Hot take to start the 2026 calendar year: Microservices were a psyop created to manufacture work and "fix" poor coding decisions. In most cases, a modular monolith makes more sense.

Are microservices a valid concept? Yes! Are there benefits when compared to a traditional monolith at scale? Without a doubt! However, the industry has over-indexed on microservices as a means to create separation of concerns, enable better parallelization / ownership and stop bad coding deciions by fragmenting the code. In this post, I'll be talking about when and how a monolith makes sense, and when it doesn't.

TLDR; it all hinges on scale.

Separation of Concerns​

When the often asked question of "Does it make sense to put this here?" is asked, separation of concerns is at the top of the engineering decision tree. For example, the add() function should only be doing addition and the MathService should only be doing math. Does this service concern itself with what I'm trying to do?

With microservices, seperations of concerns is an inherently solved problem. The entire service has a name, hopefully a good one, that clearly explains what it's purpose is. Anything outside of that scope should be in another service. Oh, there is no good home, make another one! (Plz don't)

However, there is nothing stopping us from doing the same within a monolith. It just requires more meticulous code reviews and deeper understanding of the broader code base. Because there are no microservice walls creating the separation, the engineers must do this procedurally, in code.

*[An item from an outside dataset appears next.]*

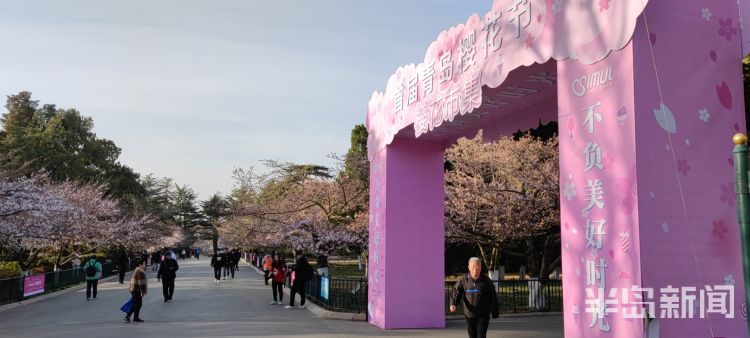 青岛看樱花地方有哪些景区,青岛春天必打卡的樱花胜地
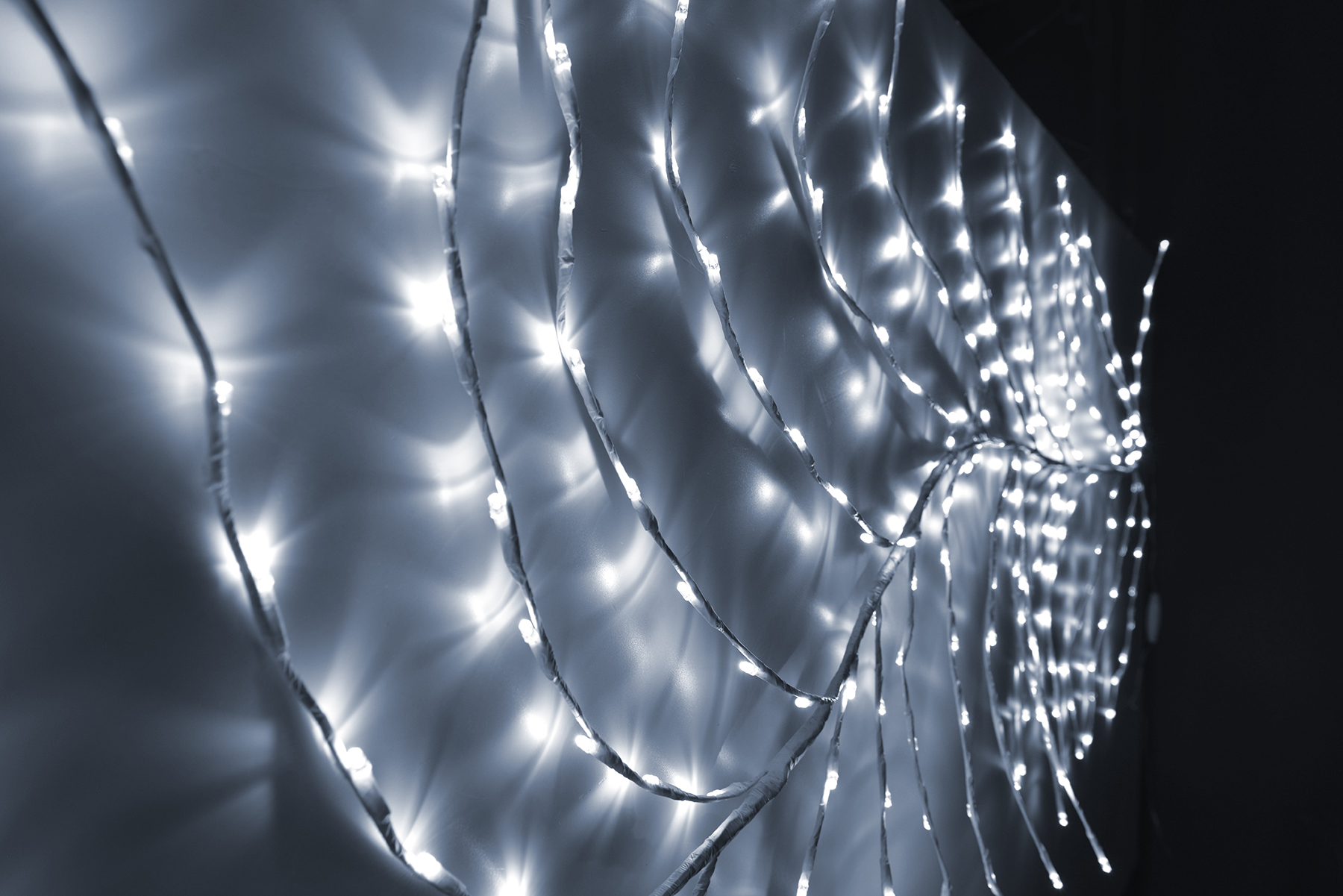 LED-FTSL-300-2,5M-větev bílá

Parallelization / Ownership​

One of the biggest selling points of microservices is enabling parallel development across teams. The argument goes: "Team A owns the Payments service, Team B owns the Users service, and they can deploy independently without stepping on each other's toes."

Fair point. But let's be real—how often is this the actual bottleneck?

In most organizations (especially startups and mid-sized companies), you don't have 50 engineers fighting over the same codebase. You have 5-15 engineers who can coordinate effectively with good git hygiene and clear module boundaries. The "we need microservices for parallel development" argument often comes from engineers who worked at FAANG and are applying solutions designed for thousands of engineers to teams of twelve.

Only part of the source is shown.